4. **ROUGE-Lsum (0.4888888888888889)**: This is similar to ROUGE-L but it considers the entire summary instead of only the longest sequence. It's useful for summarization where sentence-level structure matters. The score being the same as ROUGE-L indicates that the longest subsequence likely captures the most significant overlap in content between the generated and reference summaries.

### Overall Interpretation
The generated summary captures nearly half of the content of the reference summary in terms of single words and has a moderate level of overlap when it comes to longer phrases and sentence structures. The lower score in ROUGE-2 compared to ROUGE-1 and ROUGE-L suggests that while many correct keywords are included, the exact phrasing and order of words are not as closely matched. This could mean the summary is capturing the key concepts but may be paraphrasing or using different structures to convey the information.

### Creating a Manual Pipeline

A manual pipeline involves more granular control over the steps in the processing of data through a transformer model.

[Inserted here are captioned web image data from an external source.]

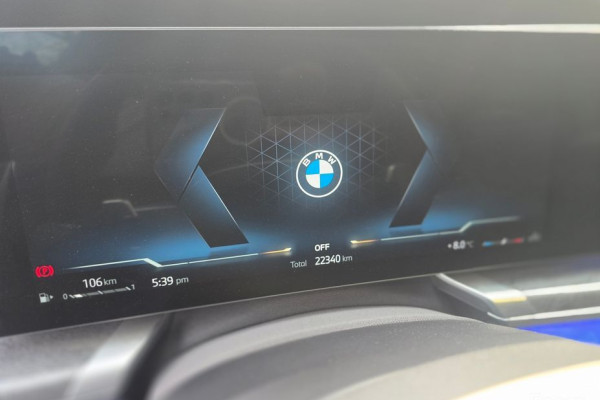 2024 BMW 7 серии с пробегом 23 000 км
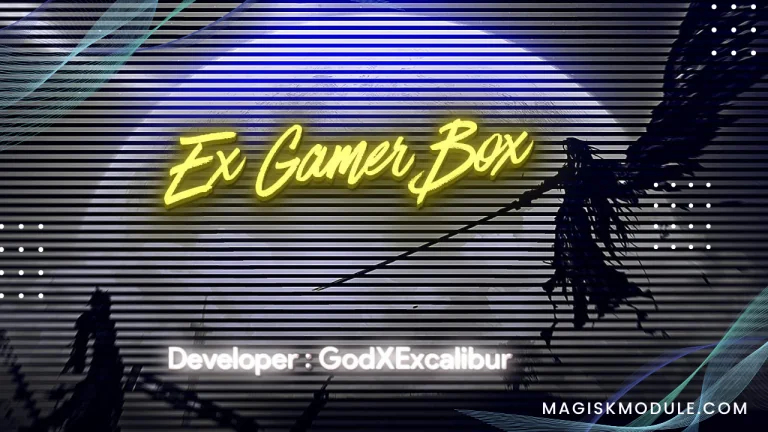 Ex Gamer Box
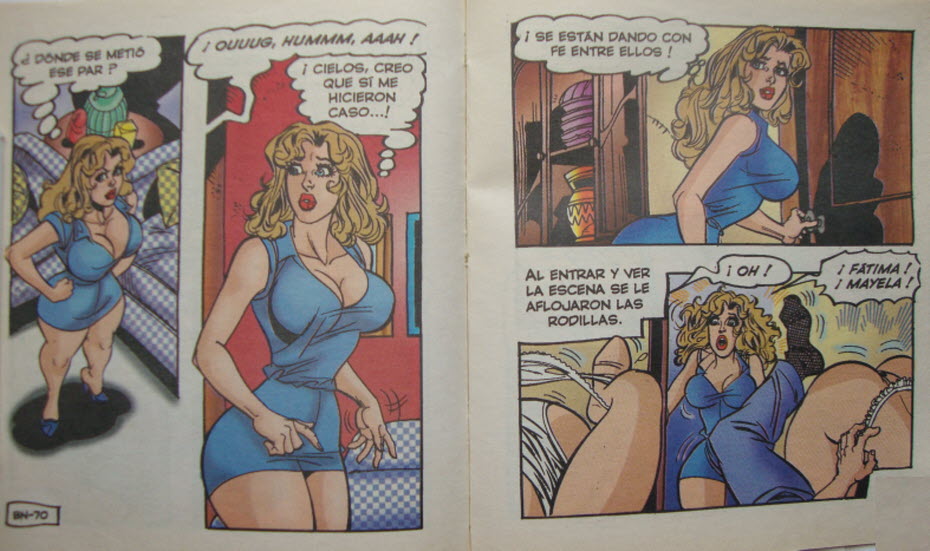 Bellas de Noche 268 image number 36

This typically includes:

- loading the tokenizer and model
- performing tokenization
- running the model on these tokens
- processing the output.

This method is useful when customization is needed beyond what the `pipeline` class offers, such as batch processing, custom preprocessing or postprocessing steps, or using specific model configurations.

Here’s how you would manually create a pipeline for sentiment analysis:

In [None]:
from transformers import AutoTokenizer, AutoModelForSequenceClassification
import torch

# Load tokenizer and model
tokenizer = AutoTokenizer.from_pretrained("distilbert-base-uncased-finetuned-sst-2-english")
model = AutoModelForSequenceClassification.from_pretrained("distilbert-base-uncased-finetuned-sst-2-english")

# Prepare input
text = "I love using transformers for machine learning."
encoded_input = tokenizer(text, return_tensors='pt')

# Run model
output = model(**encoded_input)

# Process output
scores = torch.nn.functional.softmax(output.logits, dim=-1)
predicted_label_index = scores.argmax().item()
predicted_label = model.config.id2label[predicted_label_index]
confidence = scores.max().item()

print({"label": predicted_label, "score": confidence})

{'label': 'POSITIVE', 'score': 0.9977321624755859}


Here the code outputs a sentiment label and confidence score. As can be seen the model outputs a `Positive` output with a high confidence score.

### Conclusion

Both methods offer powerful ways to leverage transformer models for NLP tasks, with the `pipeline` class being more suited for straightforward applications and quick testing. In contrast, the manual pipeline method provides greater flexibility and control, which can be essential for production environments or research purposes where custom behavior is necessary.